> Directions for this task:
Each line from the one holding "Мебель для ванной" to the last line below must be written out exactly, with no other output.

> Records:

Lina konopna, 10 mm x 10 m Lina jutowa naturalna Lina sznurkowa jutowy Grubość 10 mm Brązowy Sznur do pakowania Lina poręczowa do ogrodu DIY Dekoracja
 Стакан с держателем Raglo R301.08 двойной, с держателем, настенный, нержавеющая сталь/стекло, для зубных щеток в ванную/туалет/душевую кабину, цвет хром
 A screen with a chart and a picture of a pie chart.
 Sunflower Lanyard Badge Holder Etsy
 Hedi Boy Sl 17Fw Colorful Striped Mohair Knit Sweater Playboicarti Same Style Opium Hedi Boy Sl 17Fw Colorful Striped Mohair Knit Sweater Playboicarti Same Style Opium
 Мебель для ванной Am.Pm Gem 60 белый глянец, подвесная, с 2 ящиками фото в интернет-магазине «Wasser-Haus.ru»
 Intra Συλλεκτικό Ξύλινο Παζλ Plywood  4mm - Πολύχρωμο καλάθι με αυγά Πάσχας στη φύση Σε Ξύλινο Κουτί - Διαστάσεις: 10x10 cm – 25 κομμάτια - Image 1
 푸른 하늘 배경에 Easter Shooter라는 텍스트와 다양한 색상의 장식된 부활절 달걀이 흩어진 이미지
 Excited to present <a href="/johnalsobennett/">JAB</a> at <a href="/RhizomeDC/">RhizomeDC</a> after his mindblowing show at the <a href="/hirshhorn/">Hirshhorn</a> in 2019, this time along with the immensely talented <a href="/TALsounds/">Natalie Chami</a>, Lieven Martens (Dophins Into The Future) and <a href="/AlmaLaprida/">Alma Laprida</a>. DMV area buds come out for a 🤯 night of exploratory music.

> Task solution:
 Мебель для ванной Am.Pm Gem 60 белый глянец, подвесная, с 2 ящиками фото в интернет-магазине «Wasser-Haus.ru»
 Intra Συλλεκτικό Ξύλινο Παζλ Plywood  4mm - Πολύχρωμο καλάθι με αυγά Πάσχας στη φύση Σε Ξύλινο Κουτί - Διαστάσεις: 10x10 cm – 25 κομμάτια - Image 1
 푸른 하늘 배경에 Easter Shooter라는 텍스트와 다양한 색상의 장식된 부활절 달걀이 흩어진 이미지
 Excited to present <a href="/johnalsobennett/">JAB</a> at <a href="/RhizomeDC/">RhizomeDC</a> after his mindblowing show at the <a href="/hirshhorn/">Hirshhorn</a> in 2019, this time along with the immensely talented <a href="/TALsounds/">Natalie Chami</a>, Lieven Martens (Dophins Into The Future) and <a href="/AlmaLaprida/">Alma Laprida</a>. DMV area buds come out for a 🤯 night of exploratory music.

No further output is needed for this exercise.